▶ _What to do_
Beginning at the line that holds "peterbilt-389-image-35", transcribe each line exactly through the end of the records, and leave any pictures out.

________

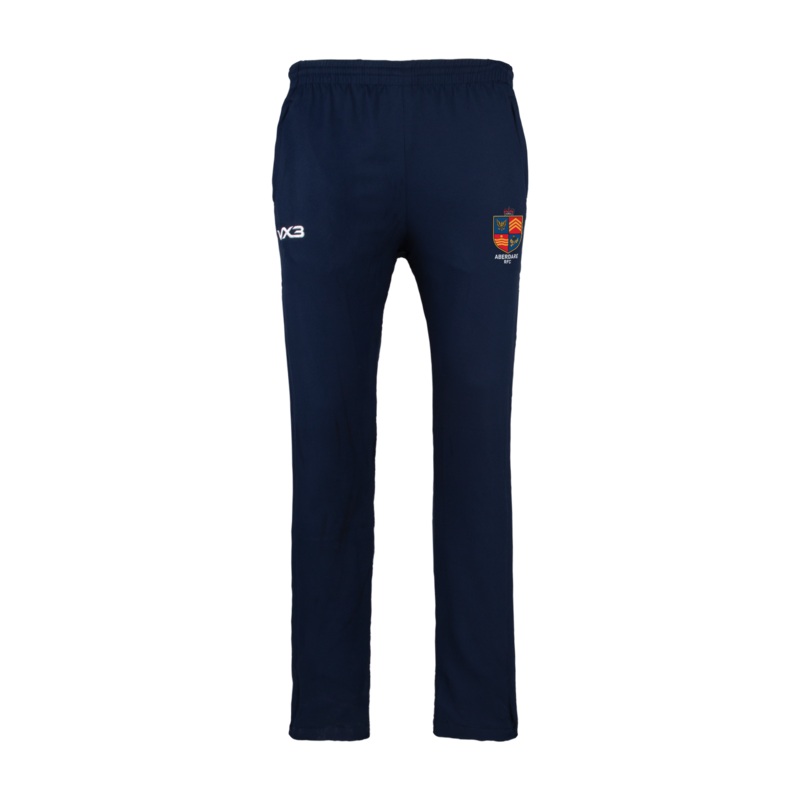 Aberdare RFC Braca Trackpant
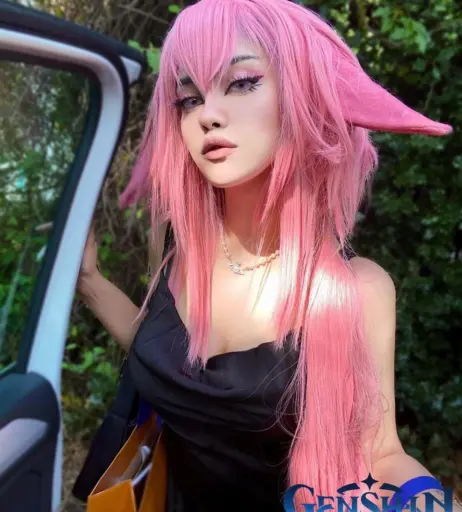 Image 12004412 from Jas / jasikyu / jasibun / Jasikyu_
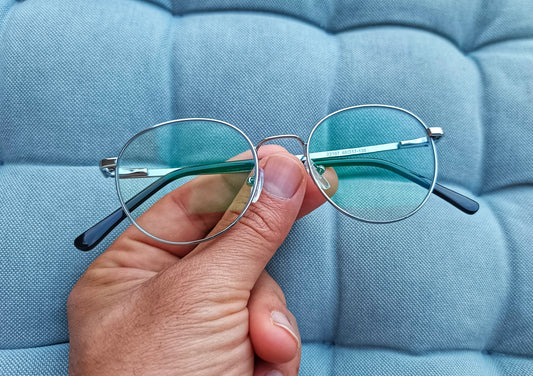 Anti Blue Light Glasses | Computer Glasses | Screen Glasses | Blue light blockers | Blue Light Blocking Glasses | Anti Blue Light Glasses in Egypt |The Best Anti Blue Light Glasses in Egypt | High Quality Computer Glasses in Egypt | شراء نظارة اونلاين فى مصر | نظارة نظر | نظارة قراءة | نظارة حماية | نظارة حفظ نظر | نظارات طبية للرجال | نظارات طبية | نظارات نظر|  نظارات طبية اونلاين | عروض نظارات طبية | نظارات كمبيوتر | نظارات مضادة للضوء الازرق | نظارات كمبيوتر فى مصر | نظارات مضادة للضوء الازرق فى مصر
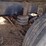 peterbilt-389-image-35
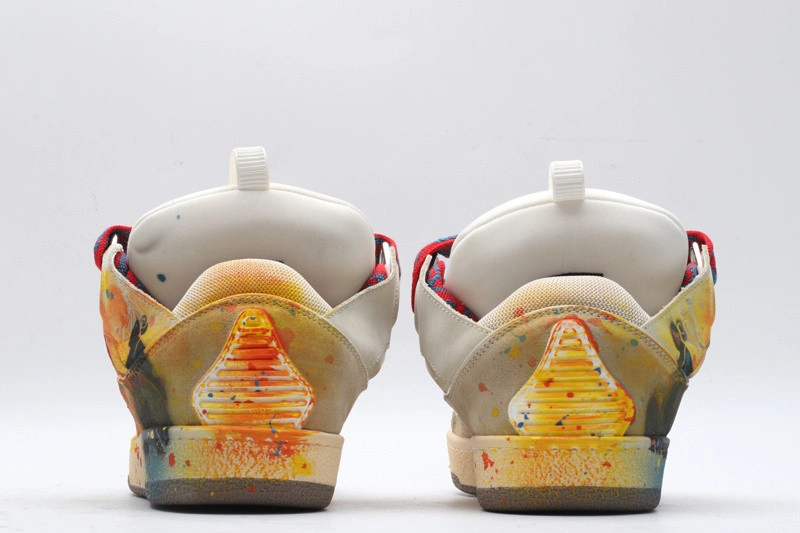 LANVI SNEAKER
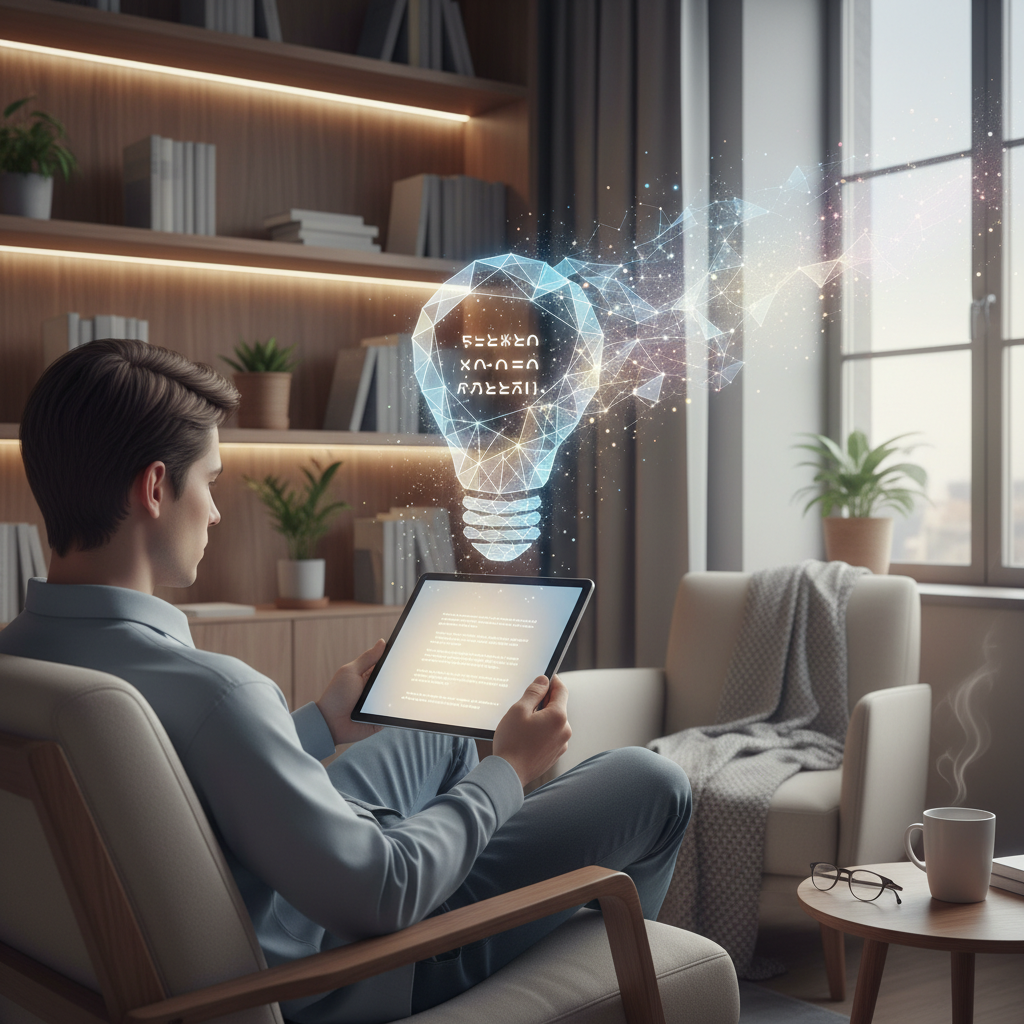 Catecismo Nova Cidade Daniel Gardner PDF: Guia Completo para Sua Compra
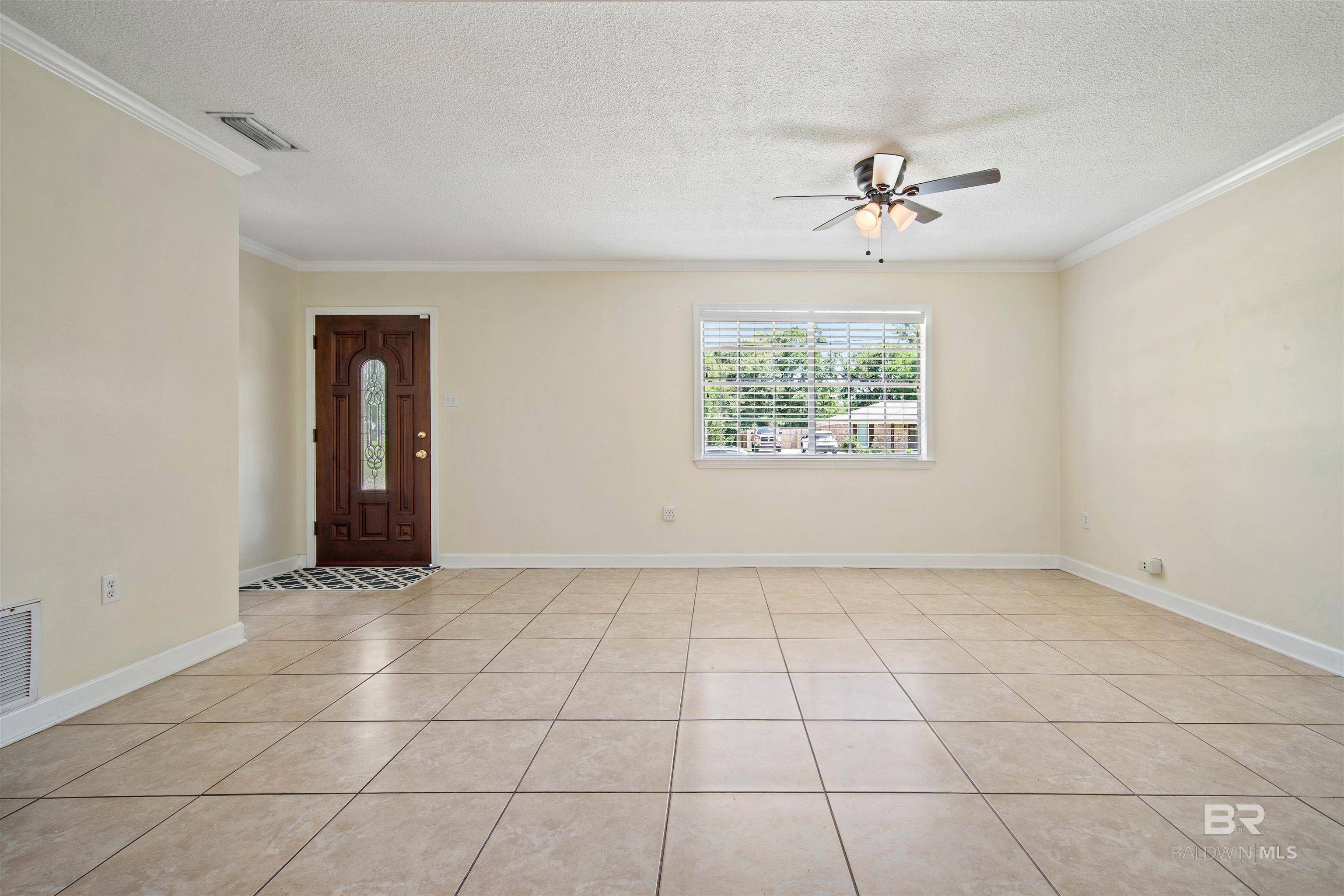 Saraland, AL 36571,1325 PAWNEE Circle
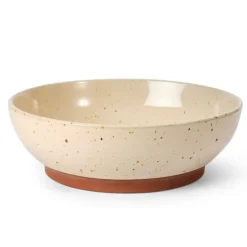 CASA TERRA Bol Beige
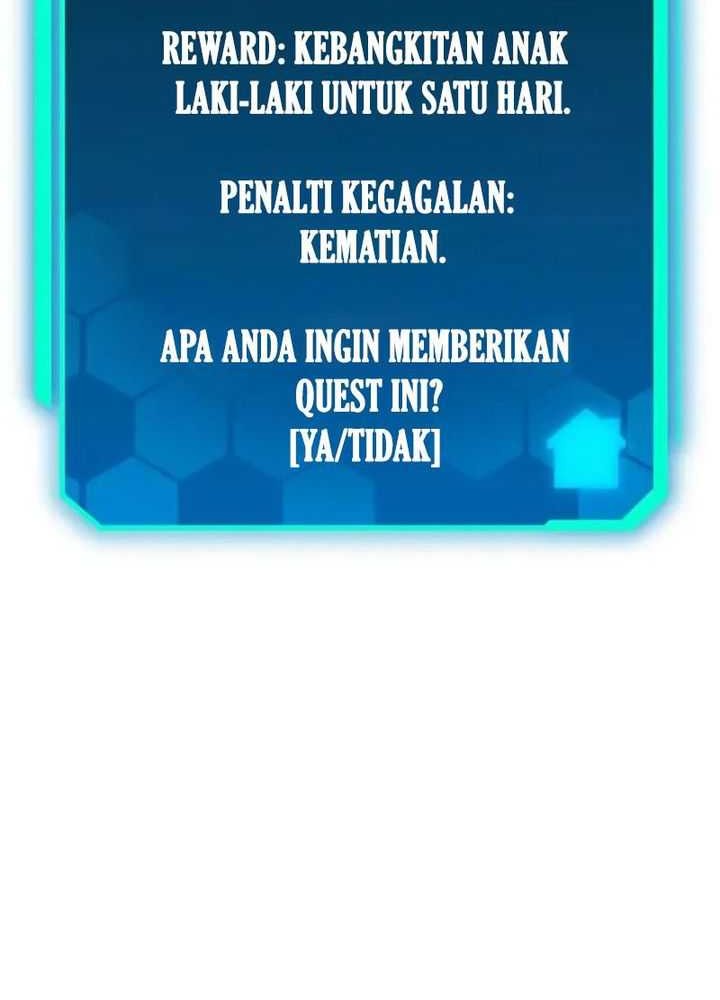 The Ultimate Shut-In Chapter 20 Gambar 39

________

▶ _Response for this exercise_
 peterbilt-389-image-35
 LANVI SNEAKER
 Catecismo Nova Cidade Daniel Gardner PDF: Guia Completo para Sua Compra
 Saraland, AL 36571,1325 PAWNEE Circle
 CASA TERRA Bol Beige
 The Ultimate Shut-In Chapter 20 Gambar 39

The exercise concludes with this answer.